Using the records that follow, reproduce exactly the lines starting at the line containing "857x1200 Fantasy Fox' Poster" and ending at the line containing "Antique B Progress". Include both end lines and no pictures.

> **PROVIDED RECORDS**:
+ + + +

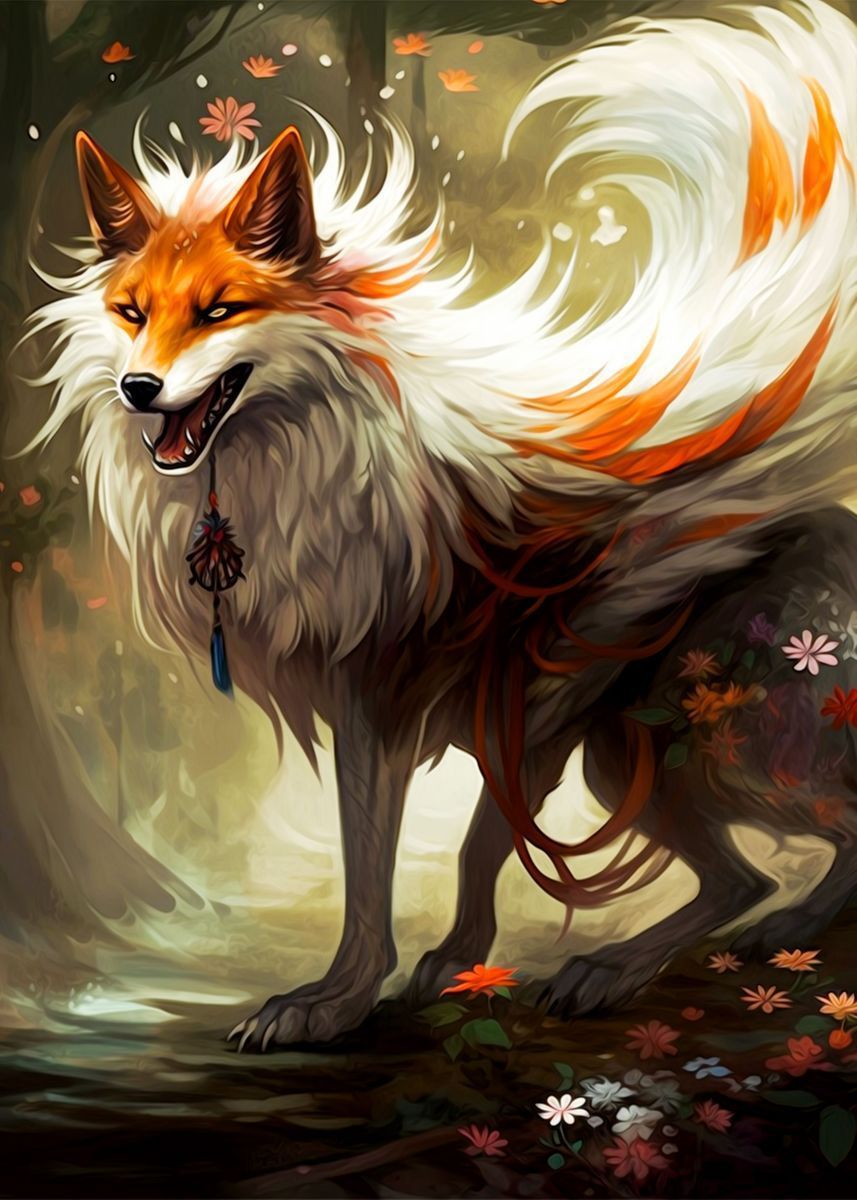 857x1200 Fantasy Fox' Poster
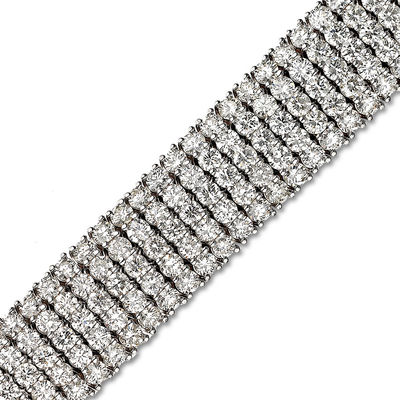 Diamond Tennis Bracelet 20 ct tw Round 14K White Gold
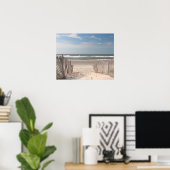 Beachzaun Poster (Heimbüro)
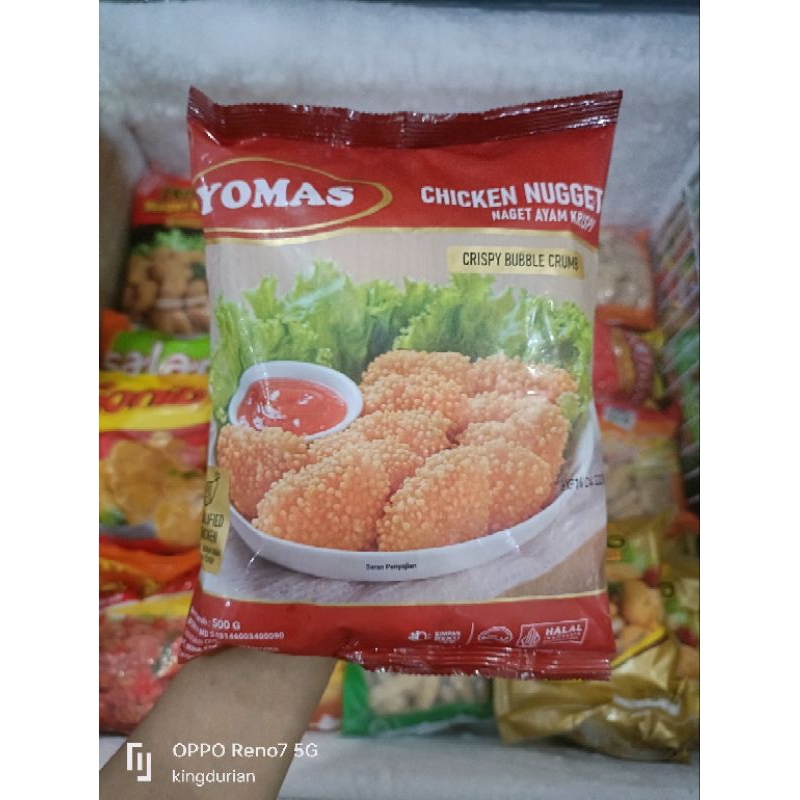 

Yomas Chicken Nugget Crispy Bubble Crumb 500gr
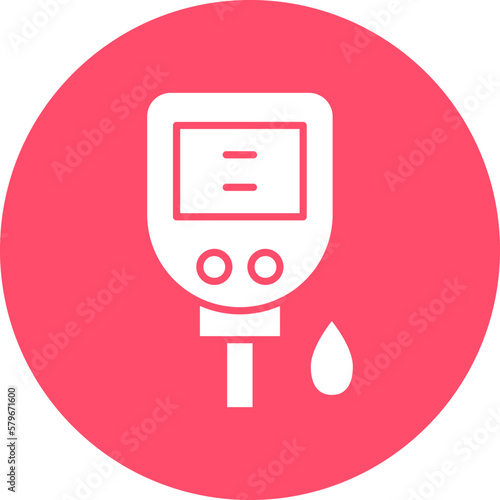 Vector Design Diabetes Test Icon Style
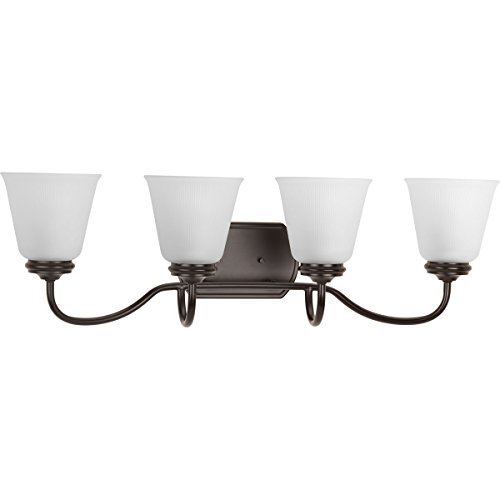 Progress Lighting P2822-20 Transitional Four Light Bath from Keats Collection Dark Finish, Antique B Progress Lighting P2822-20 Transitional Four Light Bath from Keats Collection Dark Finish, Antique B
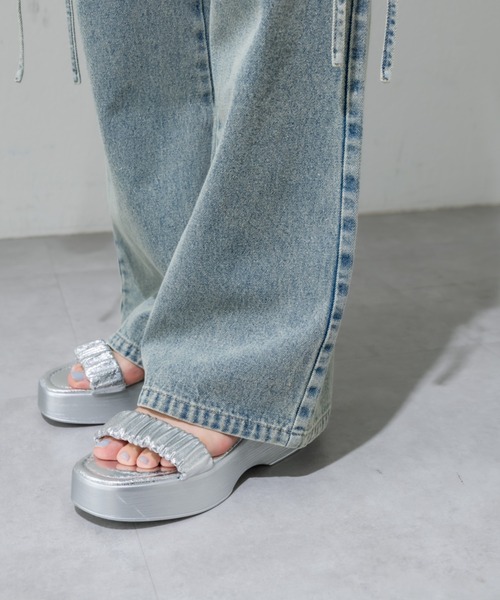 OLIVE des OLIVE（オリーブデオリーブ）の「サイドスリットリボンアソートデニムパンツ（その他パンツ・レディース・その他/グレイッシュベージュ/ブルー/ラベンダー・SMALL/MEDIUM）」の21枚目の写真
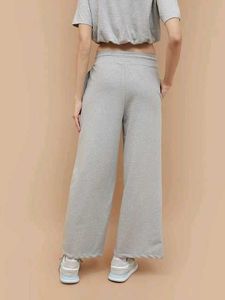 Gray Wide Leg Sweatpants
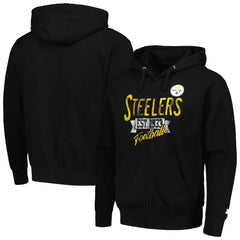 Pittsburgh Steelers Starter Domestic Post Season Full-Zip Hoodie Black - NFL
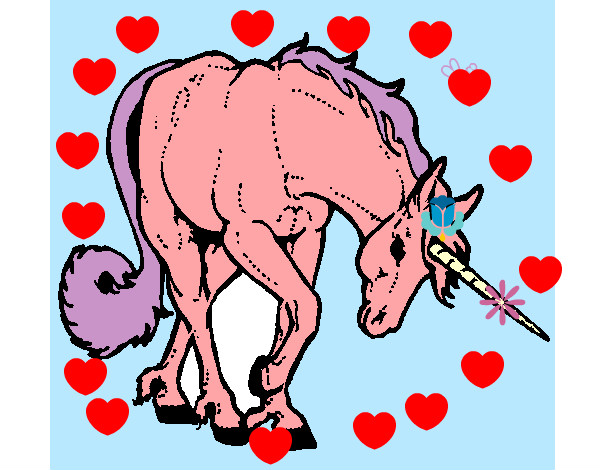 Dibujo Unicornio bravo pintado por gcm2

+ + + +

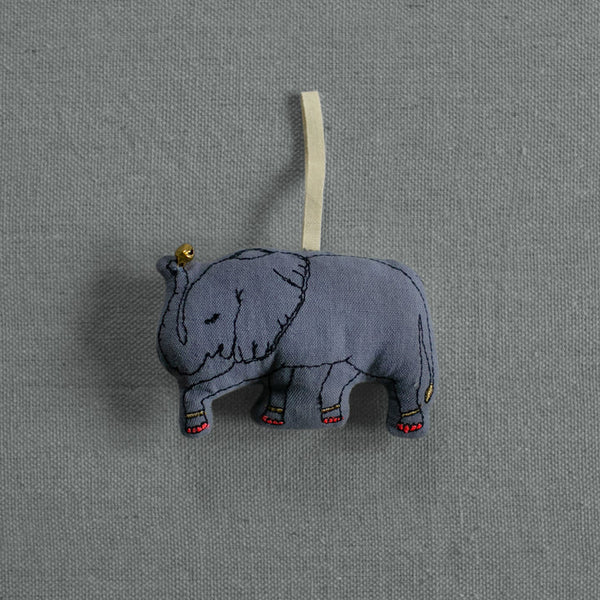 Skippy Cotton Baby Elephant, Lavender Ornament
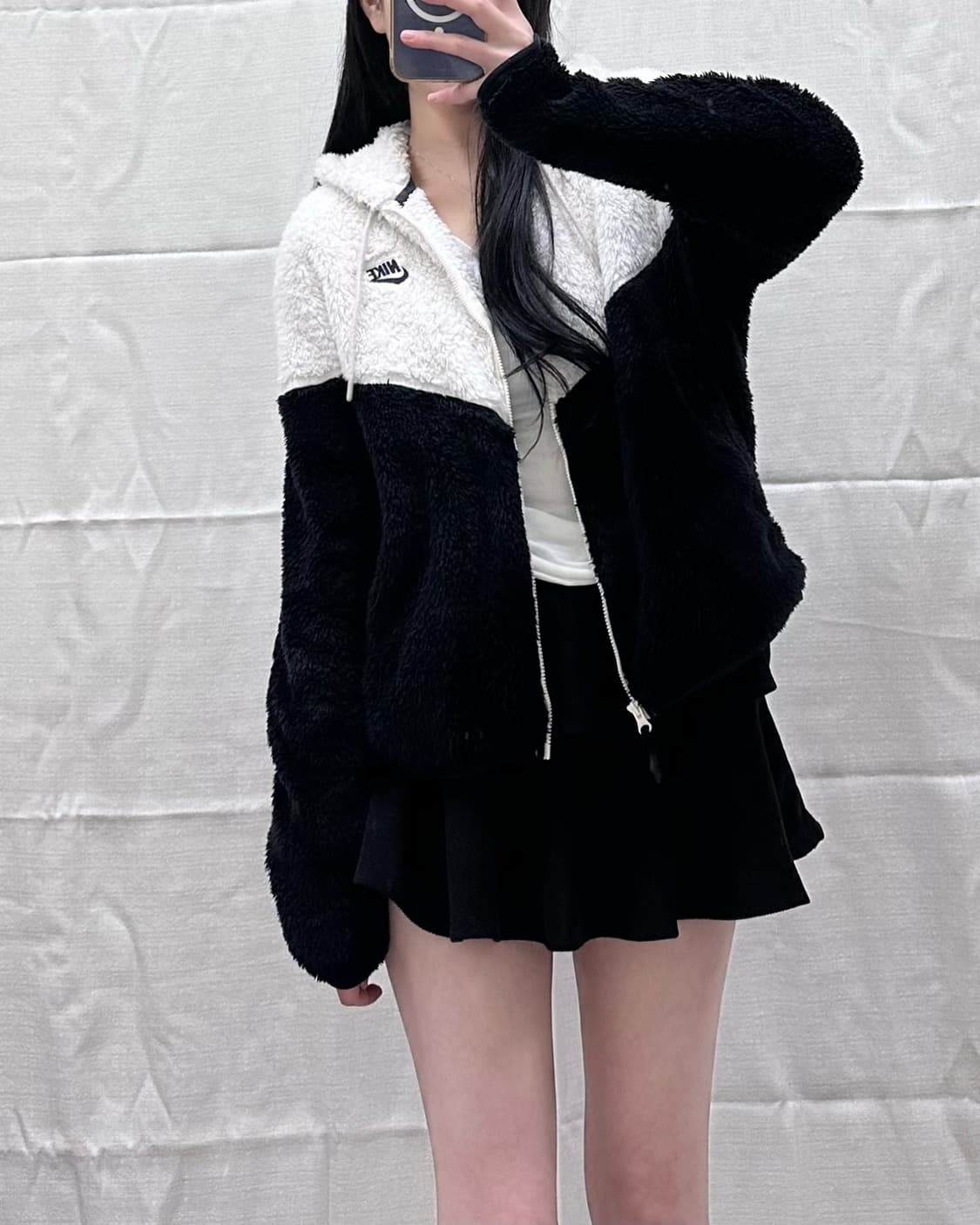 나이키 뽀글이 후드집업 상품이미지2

+ + + +

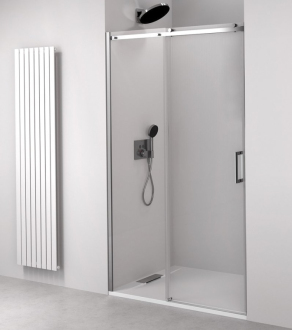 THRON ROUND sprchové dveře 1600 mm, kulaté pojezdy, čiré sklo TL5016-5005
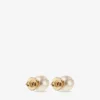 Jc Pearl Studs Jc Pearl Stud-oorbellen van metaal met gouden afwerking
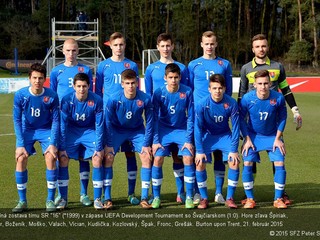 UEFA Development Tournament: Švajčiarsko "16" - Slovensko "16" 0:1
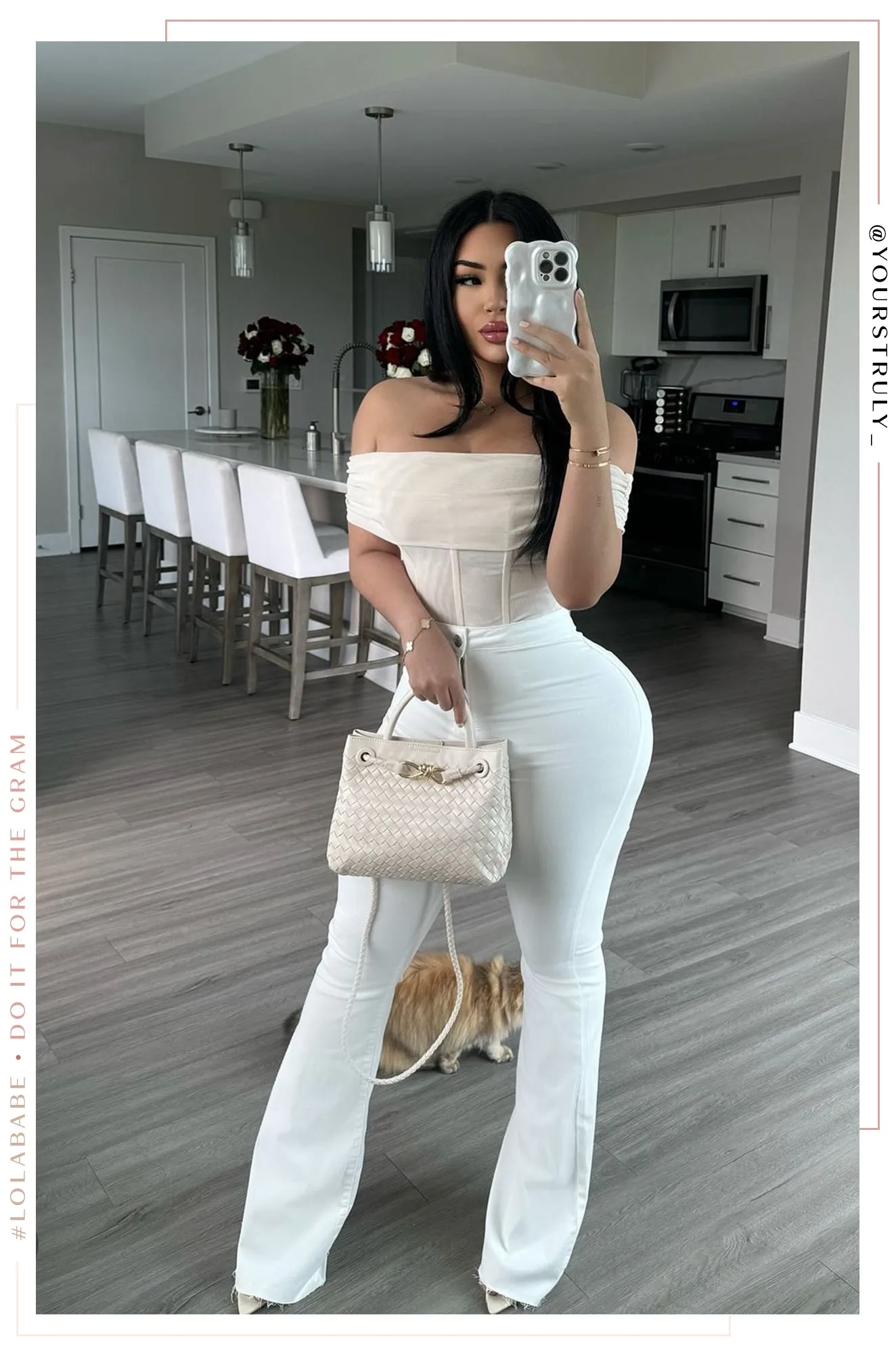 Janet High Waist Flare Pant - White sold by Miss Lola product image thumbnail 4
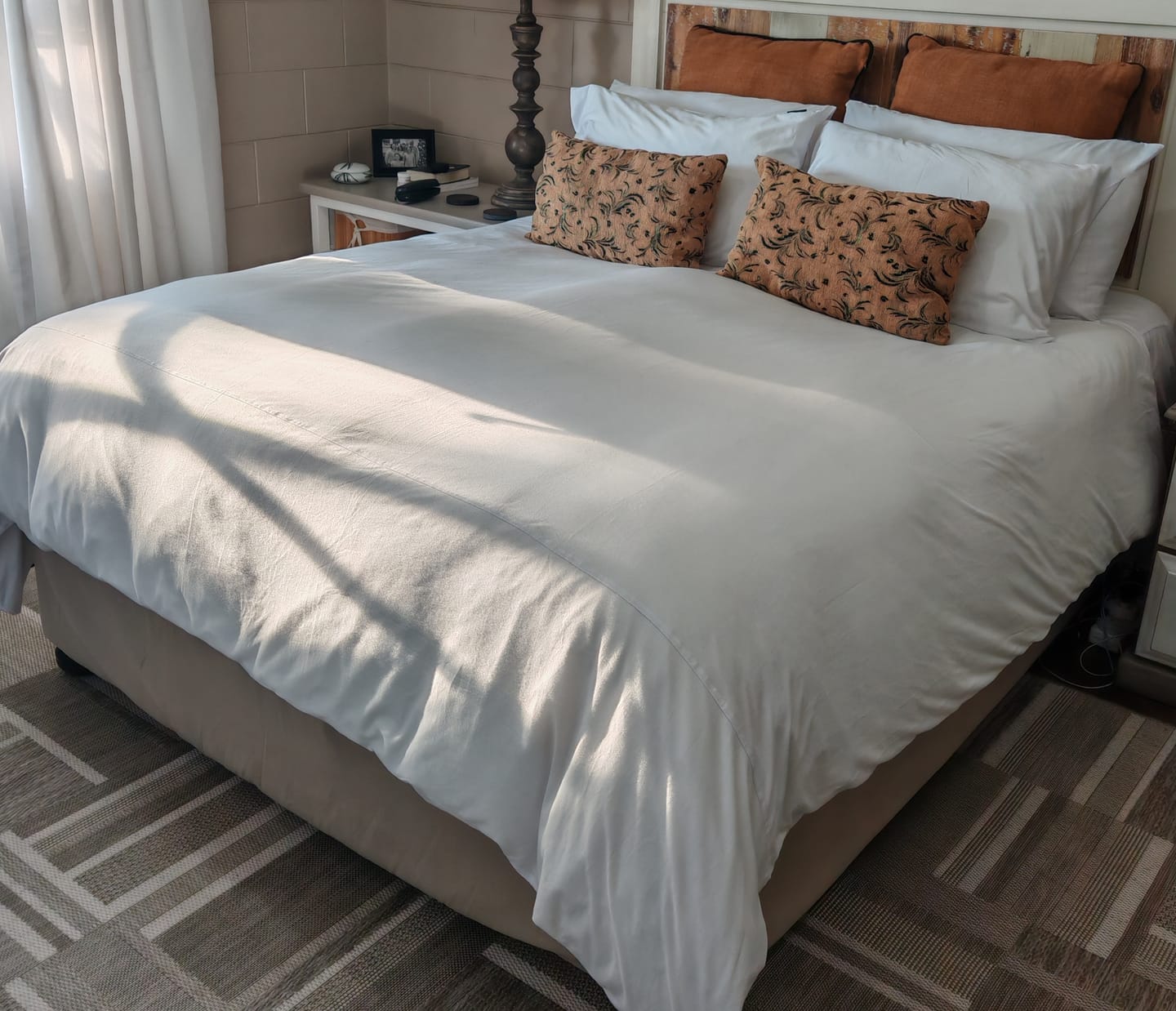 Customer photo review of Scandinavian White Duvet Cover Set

+ + + +

> **THE ANSWER**:
 857x1200 Fantasy Fox' Poster
 Diamond Tennis Bracelet 20 ct tw Round 14K White Gold
 Beachzaun Poster (Heimbüro)

Yomas Chicken Nugget Crispy Bubble Crumb 500gr
 Vector Design Diabetes Test Icon Style
 Progress Lighting P2822-20 Transitional Four Light Bath from Keats Collection Dark Finish, Antique B Progress Lighting P2822-20 Transitional Four Light Bath from Keats Collection Dark Finish, Antique B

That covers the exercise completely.